## [Exercise]
Look through the records below, and copy out every line that holds the string "Women".

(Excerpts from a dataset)
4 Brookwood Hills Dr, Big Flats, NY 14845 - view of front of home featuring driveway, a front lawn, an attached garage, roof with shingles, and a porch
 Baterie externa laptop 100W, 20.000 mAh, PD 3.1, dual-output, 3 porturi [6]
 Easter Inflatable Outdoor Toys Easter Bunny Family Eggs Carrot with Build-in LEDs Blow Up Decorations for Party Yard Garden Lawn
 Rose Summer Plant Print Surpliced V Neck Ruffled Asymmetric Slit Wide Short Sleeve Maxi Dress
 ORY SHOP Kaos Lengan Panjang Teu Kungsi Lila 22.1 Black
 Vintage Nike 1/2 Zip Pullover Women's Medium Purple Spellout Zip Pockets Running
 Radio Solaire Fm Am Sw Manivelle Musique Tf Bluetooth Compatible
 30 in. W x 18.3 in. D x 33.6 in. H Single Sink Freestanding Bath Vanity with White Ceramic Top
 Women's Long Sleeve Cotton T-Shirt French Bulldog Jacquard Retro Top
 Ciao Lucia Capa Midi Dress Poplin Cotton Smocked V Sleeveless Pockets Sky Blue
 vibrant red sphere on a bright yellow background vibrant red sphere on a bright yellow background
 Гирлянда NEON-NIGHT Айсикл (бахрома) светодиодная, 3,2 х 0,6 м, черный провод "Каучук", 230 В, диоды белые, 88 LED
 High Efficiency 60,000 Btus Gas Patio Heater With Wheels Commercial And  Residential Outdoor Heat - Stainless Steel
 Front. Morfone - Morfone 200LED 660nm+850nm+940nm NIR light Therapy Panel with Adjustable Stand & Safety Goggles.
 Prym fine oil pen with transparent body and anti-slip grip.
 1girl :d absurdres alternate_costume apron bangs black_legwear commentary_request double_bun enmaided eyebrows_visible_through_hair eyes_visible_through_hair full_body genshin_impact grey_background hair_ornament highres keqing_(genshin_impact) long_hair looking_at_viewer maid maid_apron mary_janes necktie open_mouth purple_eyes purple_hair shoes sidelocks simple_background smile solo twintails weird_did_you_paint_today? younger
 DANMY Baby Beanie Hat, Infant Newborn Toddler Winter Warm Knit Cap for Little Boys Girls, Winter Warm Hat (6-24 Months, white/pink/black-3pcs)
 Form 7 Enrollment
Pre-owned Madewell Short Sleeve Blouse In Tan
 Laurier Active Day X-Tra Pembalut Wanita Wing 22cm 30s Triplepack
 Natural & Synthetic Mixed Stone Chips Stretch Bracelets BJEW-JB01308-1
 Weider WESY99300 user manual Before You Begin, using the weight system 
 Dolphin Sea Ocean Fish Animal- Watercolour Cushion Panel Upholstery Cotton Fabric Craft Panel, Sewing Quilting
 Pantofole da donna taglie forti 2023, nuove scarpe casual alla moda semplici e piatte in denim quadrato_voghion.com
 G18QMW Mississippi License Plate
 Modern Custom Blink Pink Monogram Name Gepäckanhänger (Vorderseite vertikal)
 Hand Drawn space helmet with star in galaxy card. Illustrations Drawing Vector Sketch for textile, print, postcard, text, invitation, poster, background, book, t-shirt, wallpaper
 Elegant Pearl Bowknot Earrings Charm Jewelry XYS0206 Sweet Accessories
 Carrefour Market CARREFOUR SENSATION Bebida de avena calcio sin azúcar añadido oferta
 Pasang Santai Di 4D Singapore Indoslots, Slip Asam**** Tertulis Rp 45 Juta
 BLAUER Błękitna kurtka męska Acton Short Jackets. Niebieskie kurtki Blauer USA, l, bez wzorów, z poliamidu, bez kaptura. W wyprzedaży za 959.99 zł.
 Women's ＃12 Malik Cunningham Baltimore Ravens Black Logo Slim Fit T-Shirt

## [Result of this exercise]
 Vintage Nike 1/2 Zip Pullover Women's Medium Purple Spellout Zip Pockets Running
 Women's Long Sleeve Cotton T-Shirt French Bulldog Jacquard Retro Top
 Women's ＃12 Malik Cunningham Baltimore Ravens Black Logo Slim Fit T-Shirt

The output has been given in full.